How to complete this task: When you return the data, keep every word exact and include none of the images.

Data in this exercise:
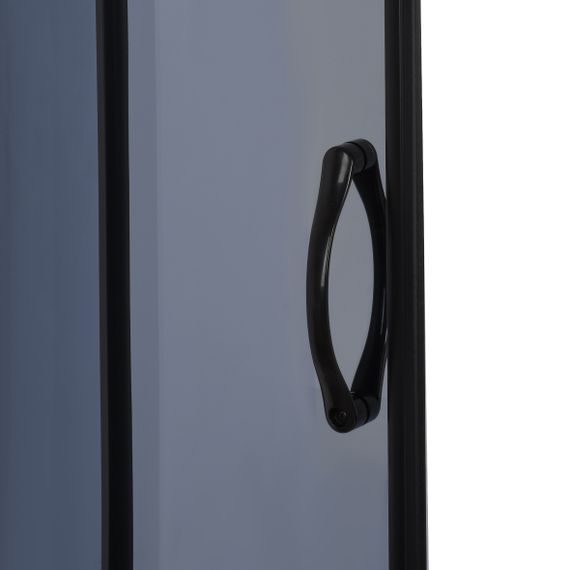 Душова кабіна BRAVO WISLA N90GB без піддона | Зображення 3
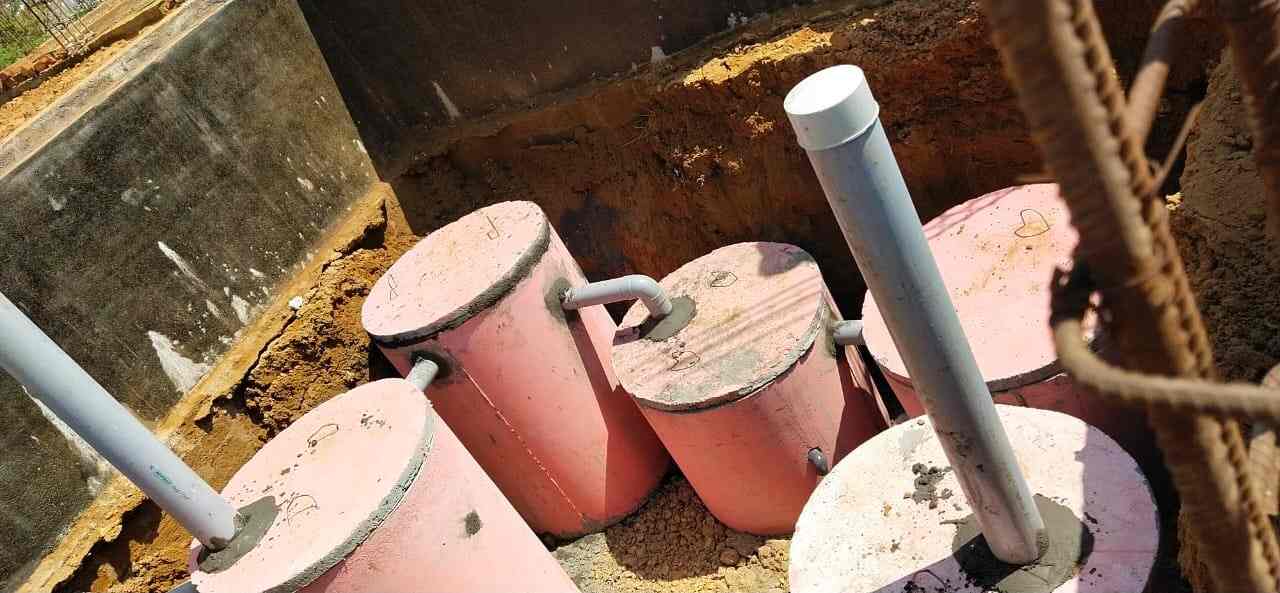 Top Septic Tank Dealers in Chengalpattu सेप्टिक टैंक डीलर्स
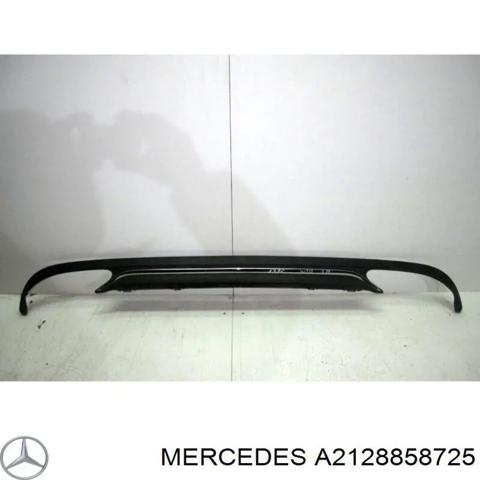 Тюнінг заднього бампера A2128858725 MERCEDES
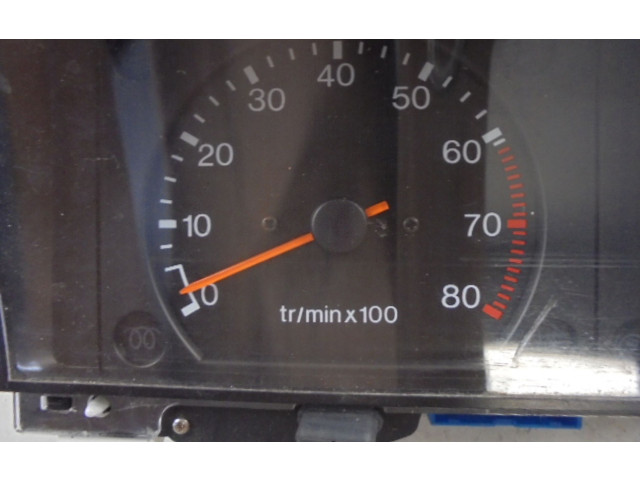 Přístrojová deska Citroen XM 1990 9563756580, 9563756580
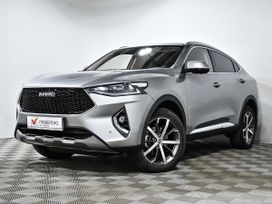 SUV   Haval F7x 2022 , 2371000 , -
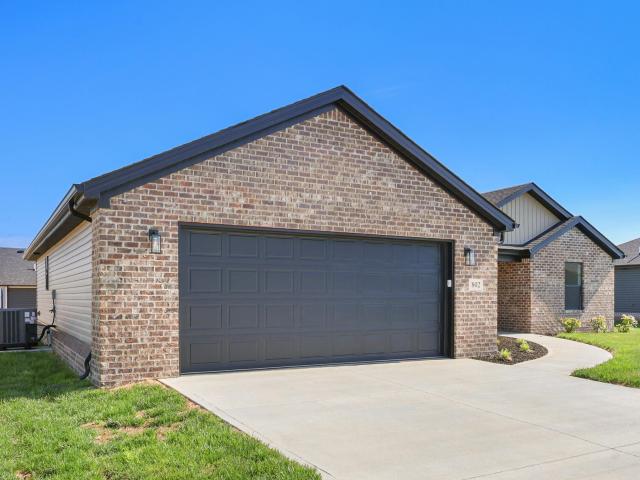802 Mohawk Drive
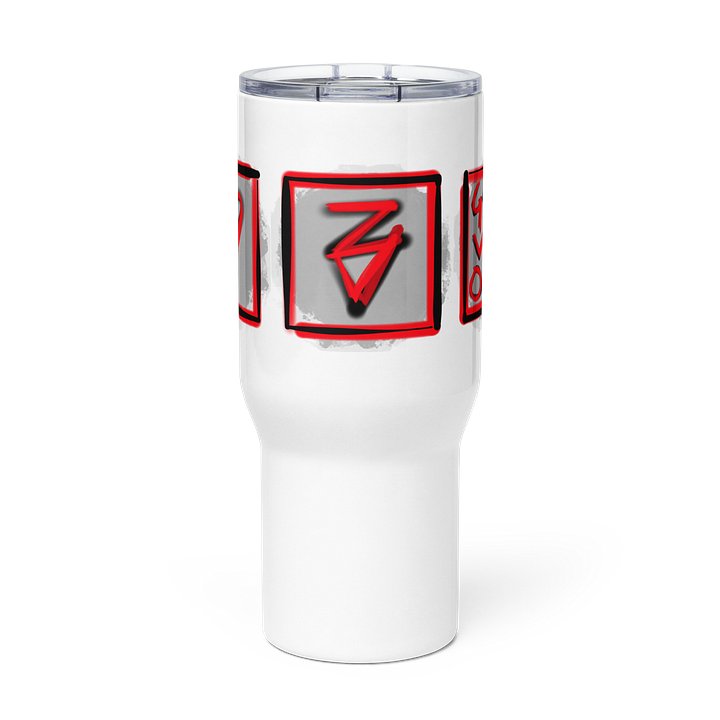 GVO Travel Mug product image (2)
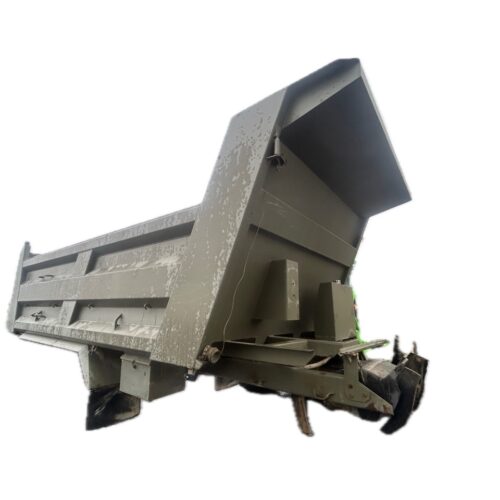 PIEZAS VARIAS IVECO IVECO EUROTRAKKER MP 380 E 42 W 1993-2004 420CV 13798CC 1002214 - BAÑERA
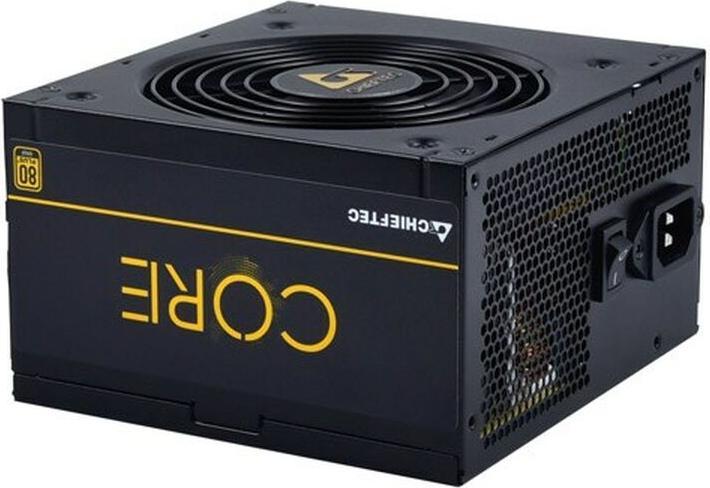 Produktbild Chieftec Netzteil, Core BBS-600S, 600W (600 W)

Written solution:
 Душова кабіна BRAVO WISLA N90GB без піддона | Зображення 3
 Top Septic Tank Dealers in Chengalpattu सेप्टिक टैंक डीलर्स
 Тюнінг заднього бампера A2128858725 MERCEDES
 Přístrojová deska Citroen XM 1990 9563756580, 9563756580
 SUV   Haval F7x 2022 , 2371000 , -
802 Mohawk Drive
 GVO Travel Mug product image (2)
 PIEZAS VARIAS IVECO IVECO EUROTRAKKER MP 380 E 42 W 1993-2004 420CV 13798CC 1002214 - BAÑERA
 Produktbild Chieftec Netzteil, Core BBS-600S, 600W (600 W)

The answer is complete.